Probabilistic filtering is an **inverse probability** approach, and it requires that we think of interaction from an unique perspective. We have to explicitly be able to write down:

* what we want to know (i.e. the **state space of intention**);
* how that will change over time (i.e. the **dynamics of intention**);
*  a model that *if we knew what the user intention was, what the expected behavior would be* (i.e. a **function mapping intention -> expected user inputs**).

Note that this last point is the **inverse** of the typical way of approaching this problem, where we would try and find a mapping from a sensors to intention, by design or by learning. 

### Why is this computational HCI?
Probabilistic filtering means writing down an **executable, statistical model** of user behavior, then **running an inference algorithm** that updates beliefs based on the way observations evolve. The **parameters** of the filter can be **learned from data**.

This has four key elements of computational interaction:
* an explicit mathematical model of user-system behavior;
* a way of updating that model with observed data from users;
* an algorithmic element that, using this model, can apply computational power to improving interaction;
* the ability to simulate or synthesize elements of the expected user-system behavior.

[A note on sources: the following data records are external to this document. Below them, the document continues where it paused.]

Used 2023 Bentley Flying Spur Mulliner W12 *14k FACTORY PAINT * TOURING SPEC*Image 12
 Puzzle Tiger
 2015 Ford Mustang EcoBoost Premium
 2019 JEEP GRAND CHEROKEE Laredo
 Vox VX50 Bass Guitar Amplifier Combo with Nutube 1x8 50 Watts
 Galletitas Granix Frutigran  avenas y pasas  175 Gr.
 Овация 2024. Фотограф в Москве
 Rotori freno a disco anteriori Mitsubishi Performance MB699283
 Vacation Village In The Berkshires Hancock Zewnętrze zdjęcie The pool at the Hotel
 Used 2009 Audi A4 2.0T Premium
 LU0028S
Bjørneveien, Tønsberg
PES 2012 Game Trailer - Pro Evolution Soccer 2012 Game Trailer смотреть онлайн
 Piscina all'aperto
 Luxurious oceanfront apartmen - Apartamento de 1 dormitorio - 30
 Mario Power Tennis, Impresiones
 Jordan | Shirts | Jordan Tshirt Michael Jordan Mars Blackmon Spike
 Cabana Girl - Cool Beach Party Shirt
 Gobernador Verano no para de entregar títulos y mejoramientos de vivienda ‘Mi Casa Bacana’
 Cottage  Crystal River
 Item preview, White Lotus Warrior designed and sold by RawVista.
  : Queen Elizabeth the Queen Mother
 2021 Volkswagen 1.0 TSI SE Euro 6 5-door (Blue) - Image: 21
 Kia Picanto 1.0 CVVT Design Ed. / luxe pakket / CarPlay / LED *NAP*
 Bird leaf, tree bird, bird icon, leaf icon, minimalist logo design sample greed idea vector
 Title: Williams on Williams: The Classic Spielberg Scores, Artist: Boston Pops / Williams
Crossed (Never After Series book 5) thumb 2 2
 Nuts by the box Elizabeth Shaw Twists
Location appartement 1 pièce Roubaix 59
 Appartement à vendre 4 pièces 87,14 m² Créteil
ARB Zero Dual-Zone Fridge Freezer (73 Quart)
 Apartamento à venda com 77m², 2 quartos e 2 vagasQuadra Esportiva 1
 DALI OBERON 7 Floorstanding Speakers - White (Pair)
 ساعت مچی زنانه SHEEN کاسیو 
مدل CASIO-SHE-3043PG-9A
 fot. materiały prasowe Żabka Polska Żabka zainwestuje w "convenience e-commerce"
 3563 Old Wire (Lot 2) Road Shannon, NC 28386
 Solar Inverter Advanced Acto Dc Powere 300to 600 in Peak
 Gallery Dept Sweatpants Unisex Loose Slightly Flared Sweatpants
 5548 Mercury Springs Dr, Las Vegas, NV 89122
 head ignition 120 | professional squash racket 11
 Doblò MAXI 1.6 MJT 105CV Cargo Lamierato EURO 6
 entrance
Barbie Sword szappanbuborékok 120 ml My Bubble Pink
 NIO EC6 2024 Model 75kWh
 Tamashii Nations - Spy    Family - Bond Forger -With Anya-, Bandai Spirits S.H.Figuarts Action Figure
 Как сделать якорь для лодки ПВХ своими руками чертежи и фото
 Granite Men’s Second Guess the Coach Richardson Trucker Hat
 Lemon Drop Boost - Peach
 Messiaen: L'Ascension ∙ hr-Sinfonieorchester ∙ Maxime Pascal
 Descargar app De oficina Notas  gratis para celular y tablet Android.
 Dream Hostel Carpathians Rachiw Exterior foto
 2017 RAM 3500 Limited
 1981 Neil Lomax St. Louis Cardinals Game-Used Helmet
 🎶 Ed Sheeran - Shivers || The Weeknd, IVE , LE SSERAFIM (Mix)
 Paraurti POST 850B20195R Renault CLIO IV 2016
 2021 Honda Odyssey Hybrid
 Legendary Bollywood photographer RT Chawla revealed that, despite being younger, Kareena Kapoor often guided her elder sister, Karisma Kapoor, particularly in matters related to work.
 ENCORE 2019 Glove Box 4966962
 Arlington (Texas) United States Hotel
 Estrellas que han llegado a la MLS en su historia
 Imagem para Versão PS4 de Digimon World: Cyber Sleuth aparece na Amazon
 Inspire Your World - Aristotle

It satisfies the requirement that better interfaces can be achieved via:
* improved modeling;
* better data collection;
* more powerful algorithms;  
* or increased computational power, 

rather than the workhorses of traditional HCI:
* more design ingenuity;
* and stronger evaluation.


### What are competitive approaches?
* **Crafted mappings**, where we try to find (by hand) transforms from sensors to intentions that are  simple or obvious. **Example:** a button, which has two physical states, and maps on to two intentional states via two electrical states. Pushed down = current flows = user intended to switch on. The mapping from electrical states to intentional states is **designed.**

* **Machine learned mappings**, where we train a system to recognize a class of input patterns as being representative of an intended behavior. **Example:** Finger gesture recognizer; hundreds of examples of many users performing one of N multi-touch gestures are recorded. These are used to train a random forest to classify the intended gesture. The mapping from electrical states (capacitive sensors) to intentional states is **learned**.

### Benefits
* **Robustness to noise** PFs work well even with input sensors that are noisy.
* **Robustness to poorly specified models** PFs can cope predictably even if our models are bad.
* **Robustness to intermittence** PFs can continue to sensibly interpolate when input cuts out.
* **Uncertainty estimates** PFs *know how certain they are* and this can be used in the interaction design.
* **Decoupled from real-time** PFs can infer past (smoothing), present (filtering) and future (forecasting).
* **Easy fusion of multiple input sensors** PFs are often used to solely to fuse together multiple inputs from different sensors.
* **Better feedback** PFs  offer the opportunity to give users rich insight into the process of intention decoding.
* **Flexible modeling** PFs can incorporate both fundamental modeling (e.g. physiological or cognitive models) and data-driven machine learning.

### History
* 1960s Kalman filter (Swerling, Kalman, Bucy), Extended Kalman Filter (Schmidt)
* late 1960-1990s Particle filter / sequential Monte Carlo
* 1992 Bootstrap filter (Gordon)
* 1995 Unscented Kalman Filter (Uhlmann)
* 1998 Condensation: particle filter for vision problems (Isard and Blake) 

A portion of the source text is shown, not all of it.